Note: important update/correction.
In 2004, Philip Davis carried out a study of library costs in which he estimated the average subscription cost/article for a subset of ARL libraries and compared this with a range of estimated author-side fees for Gold OA, in order to determine whether libraries might pay more or less if all journals switched to OA. Here I’ve tried to update that study using information that wasn’t available back then.
Davis set the spreadsheet up to make it easy to update his assumptions and recalculate (kudos!), and Peter Suber (among others) pointed out that at least the following assumptions should be updated:

  1. all OA journals charge author-side fees
  2. the full cost of OA fees will be borne by libraries
  3. TA journals charge no author-side fees

We now have five different studies (one recently confirmed, improved and updated) showing that in fact the majority of OA journals do not charge author-side fees. The highest proportion of no-fee journals is in the DOAJ psychology subset (90%) and the lowest is in the chemistry subset (49-58%); the most recent analysis of the entire DOAJ showed 70% no-fee.
We also know that research funders are increasingly willing to foot the bill for OA. For example, HHMI has institutional agreements/memberships with BMC, Springer and Elsevier, and BMC’s page of funder policies shows that a majority of UK funders either make additional funds available or allow publication charges to be treated as an indirect cost.

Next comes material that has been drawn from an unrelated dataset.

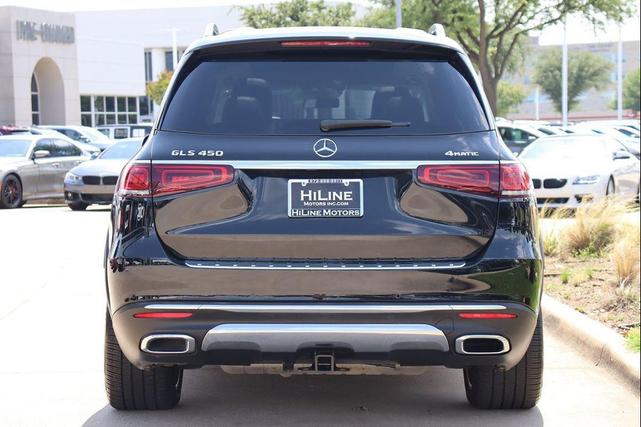 Photo of 2020 Black Mercedes-Benz GLS 450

A recent RCUK report showed that 45% of authors publishing in fee-based OA journals had their costs covered by their research funders.
Rather than pick a single number for either of these updates, I’ve plotted the fraction of the OA cost borne by libraries against the number of institutions at which OA is predicted to cost more than, the same as, or less than the TA model. The fractional cost borne by libraries is the product of (100 – %covered by funders)(%OA journals charging fees). (See Figs 1 and 2 below.)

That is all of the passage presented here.